3. Under § 2 of the Sherman Act, it is the crime of monopolizing for parties to combine or conspire to acquire or maintain the power to exclude competitors from any part of the trade or commerce among the several States or with foreign nations, provided (a) they also have such a power that they are able, as a group, to exclude actual or potential competition from the field and (b) they have the intent and purpose to exercise that power. P. 809.
4. It is not the form of the combination or the particular means used but the result to be achieved that the statute condemns. P. 809.
5. It is not important whether the means used to accomplish the unlawful objective are in themselves lawful or unlawful. P. 809.
6. No formal agreement is necessary to constitute an unlawful conspiracy. P. 809.
7. The essential combination or conspiracy in violation of the Sherman Act may be found in a course of dealing or other circumstances as well as in an exchange of words. Pp. 809-810.
8. Neither proof of exertion of the power to exclude nor proof of actual exclusion of existing or potential competitors is essential to sustain a charge of monopolization under the Sherman Act. P. 810.
9. A combination may be one in restraint of interstate trade or commerce or to monopolize a part of such trade or commerce in violation of the Sherman Act, although such restraint or monopoly may not have been actually attained to any harmful extent. P. 811.
10. The material consideration in determining whether a monopoly exists is not that prices are raised and that competition actually is excluded, but that power exists to raise prices or to exclude competition when it is desired to do so. P. 811.
11. United States v. Aluminum Co. of America, 148 F.2d 416, approved. Pp. 811-814.
12. Separate convictions for a conspiracy to restrain trade and for a conspiracy to monopolize trade do not amount to double jeopardy or to a multiplicity of punishment in a single proceeding contrary to the Fifth Amendment, since they are separate statutory offenses, one being made criminal by § 1 and the other by § 2 of the Sherman Act. Braverman v. United States, 317 U.S. 49, distinguished.
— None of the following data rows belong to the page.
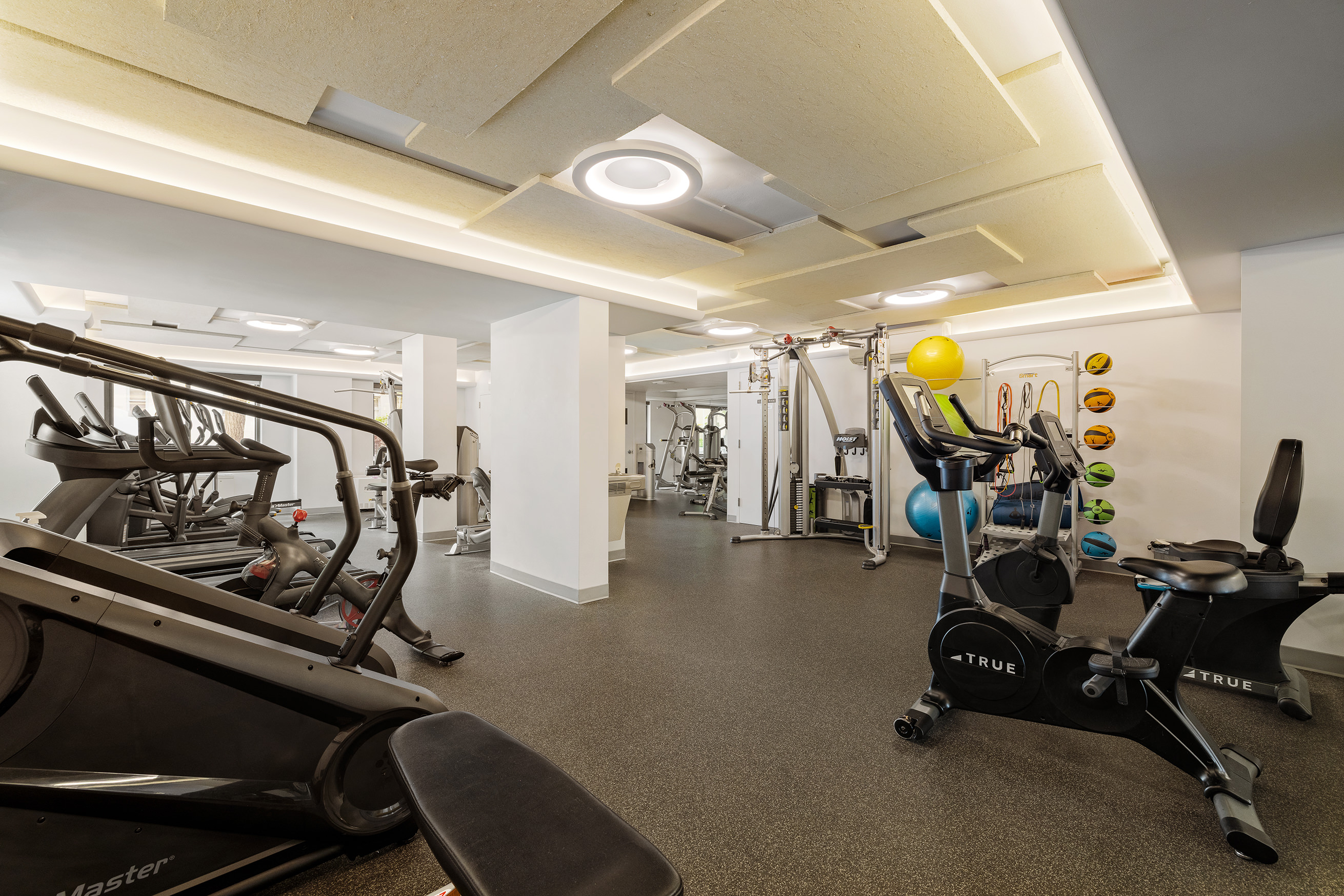10 East End Avenue, Unit 18D Manhattan, NY 10075 - Photo 18 of 21 a view of a room with gym equipment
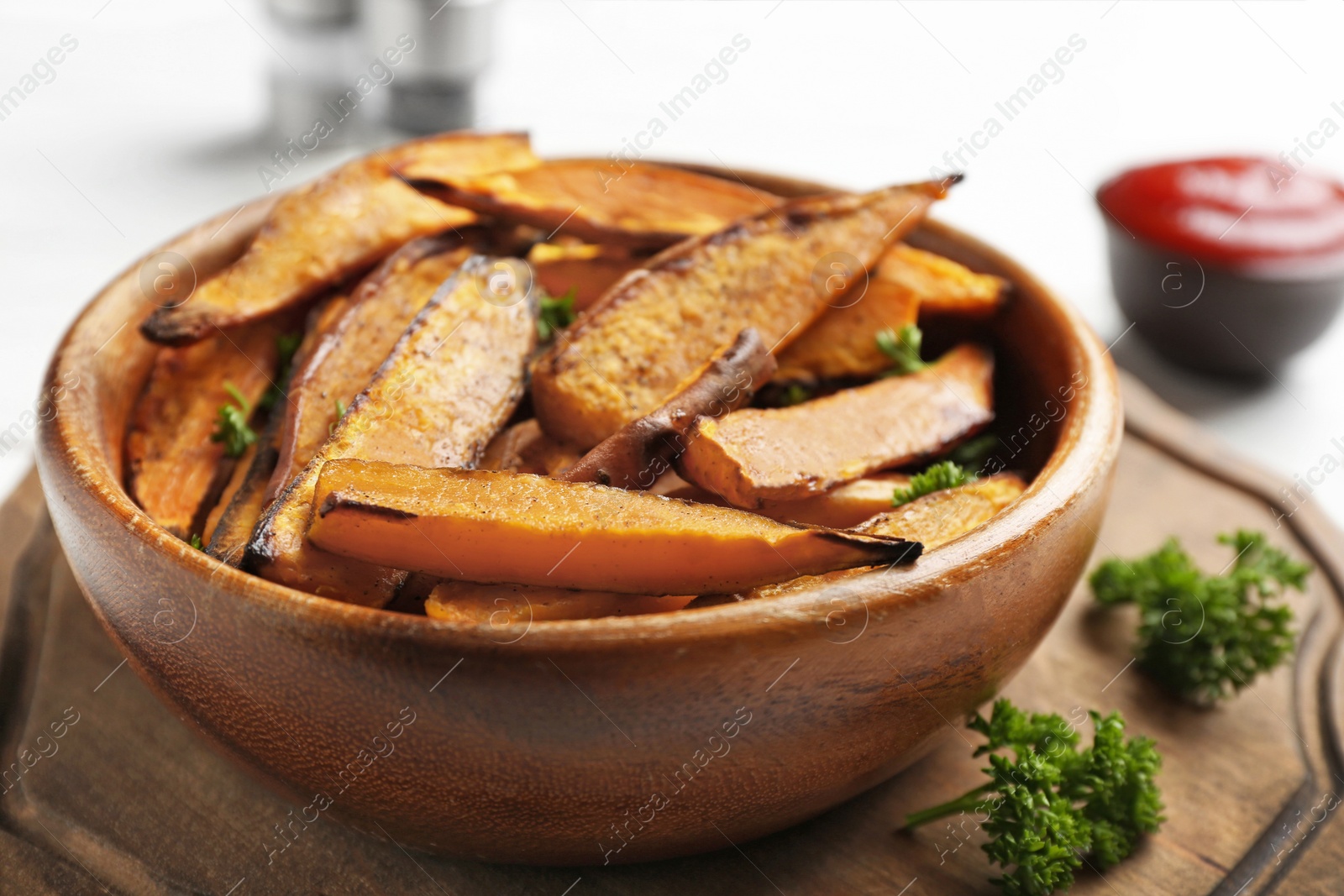 Photo of Bowl with tasty sweet potato fries on wooden board, closeup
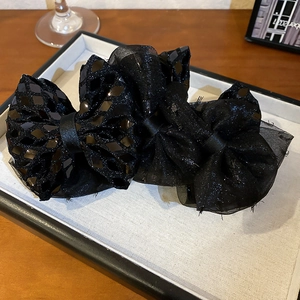Elegant black lace bow hair clips set featuring sequined fabric and mesh textures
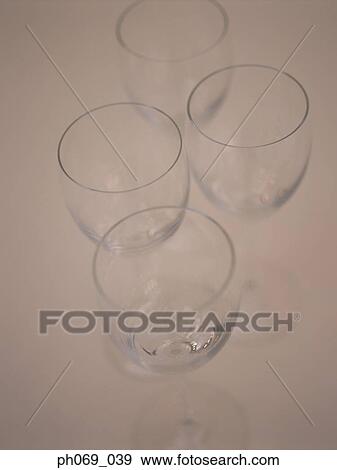 Four wine glasses, elevated view View Large Photo Image Stock Photo - Four wine glasses, elevated view. Fotosearch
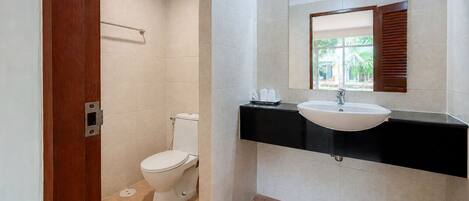 Un baño con inodoro, lavamanos y una ventana con persianas.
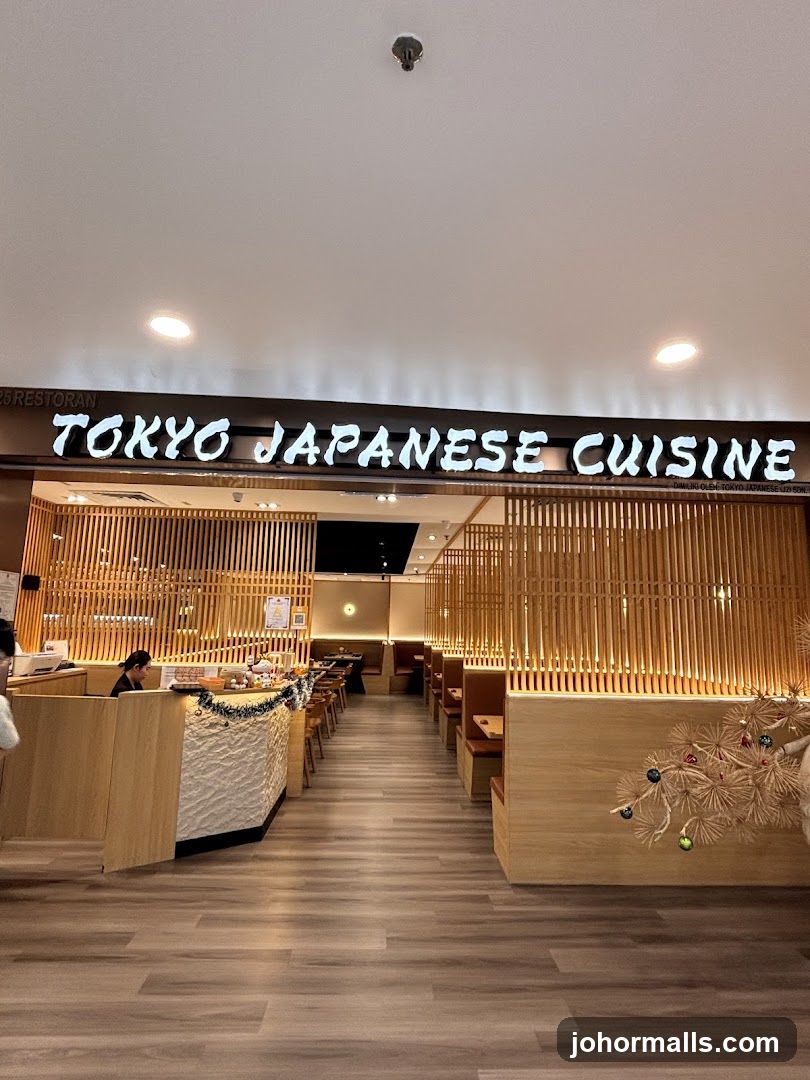 The exterior of a Japanese restaurant with a prominent sign that reads "TOKYO JAPANESE CUISINE". The entrance features wooden paneling and booth seating visible inside.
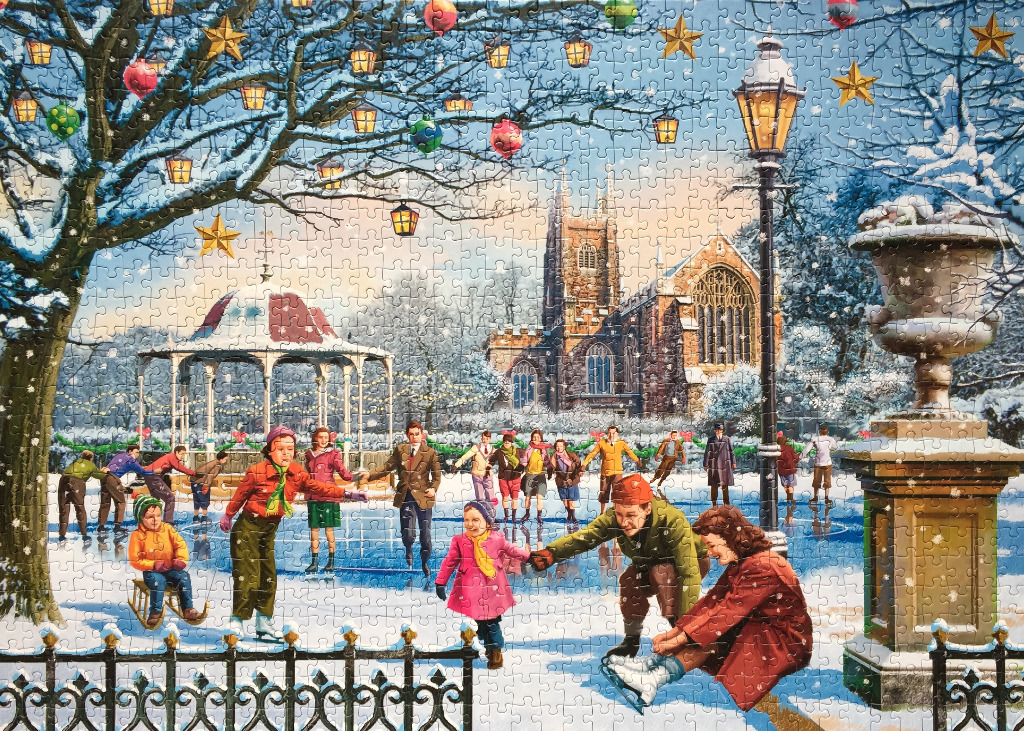 A nostalgic, snow-covered winter scene showing people ice skating in front of a stone church and bandstand.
Pp. 787-788.
13. Separate convictions for monopolization and for conspiring to monopolize in violation of the Sherman Act do not result in multiple punishment contrary to the Fifth Amendment, since they are separate offenses. United States v. Rabinowich, 238 U.S. 78; Pinkerton v. United States, 328 U.S. 640. Pp. 788-789.
147 F.2d 93, affirmed.
Petitioners were convicted of violating §§ 1 and 2 of the Sherman Anti-Trust Act. The Circuit Court of Appeals affirmed. 147 F.2d 93. This Court granted certiorari "limited to the question whether actual exclusion of competitors is necessary to the crime of monopolization under § 2 of the Sherman Act." 324 U.S. 836. A petition for rehearing and enlargement of the scope of review in No. 20 was denied. 324 U.S. 891. Affirmed, p. 815.
BURTON, J., lead opinion
MR. JUSTICE BURTON delivered the opinion of the Court.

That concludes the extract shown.